### What this task involves
Copy out exactly the lines from the one containing "Snow Queen Vodka Kazakhstan 70cl / 40%" through the end of the records, and no pictures.

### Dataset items
* * * * *
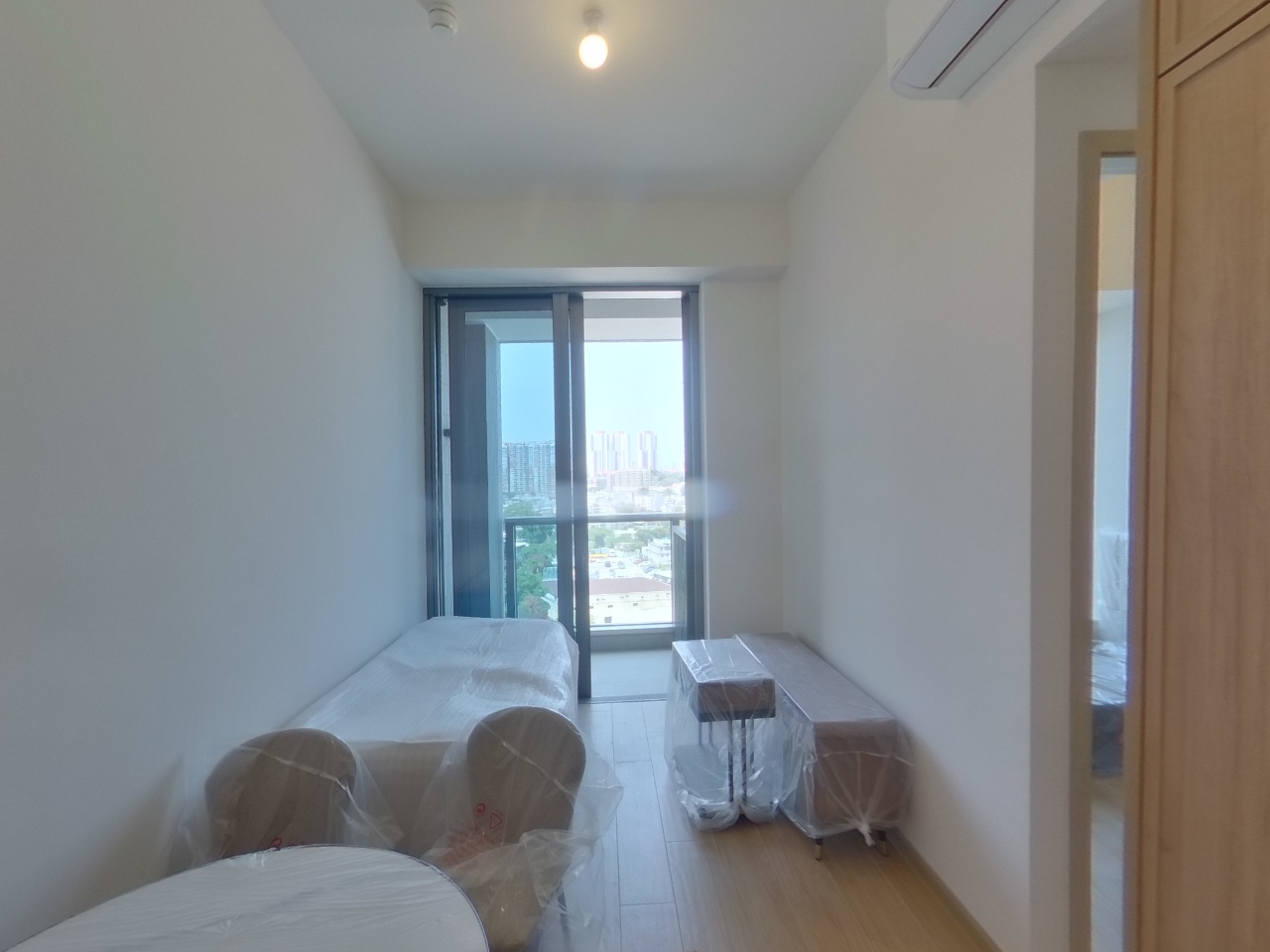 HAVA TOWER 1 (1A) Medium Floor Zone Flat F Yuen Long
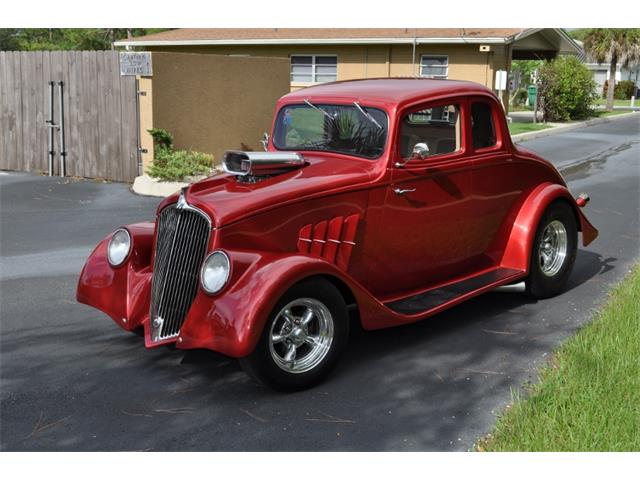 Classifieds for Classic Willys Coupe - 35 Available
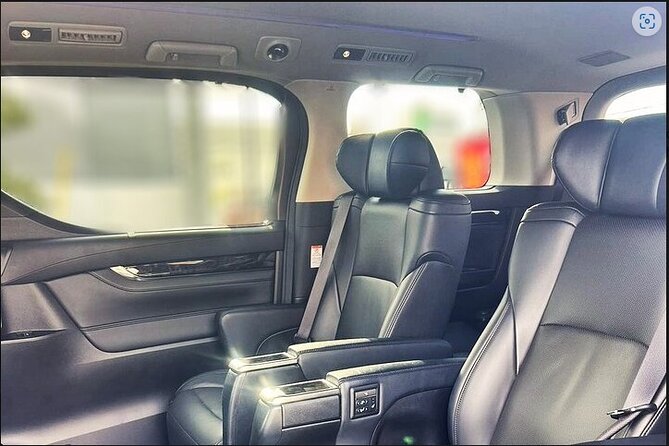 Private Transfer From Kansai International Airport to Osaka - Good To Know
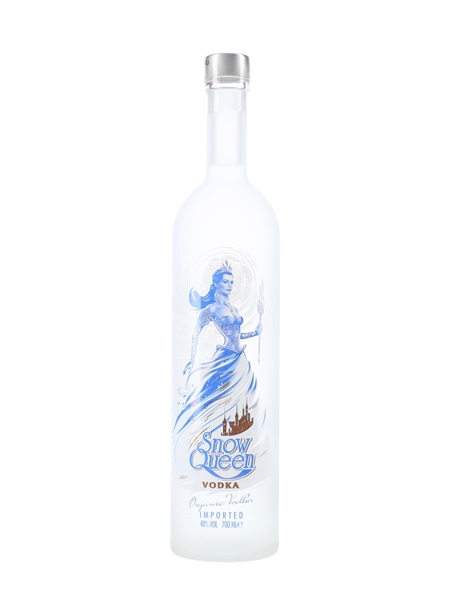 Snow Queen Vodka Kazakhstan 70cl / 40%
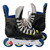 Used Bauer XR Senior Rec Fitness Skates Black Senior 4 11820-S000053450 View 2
* * * * *
### Exercise answer
 Snow Queen Vodka Kazakhstan 70cl / 40%
 Used Bauer XR Senior Rec Fitness Skates Black Senior 4 11820-S000053450 View 2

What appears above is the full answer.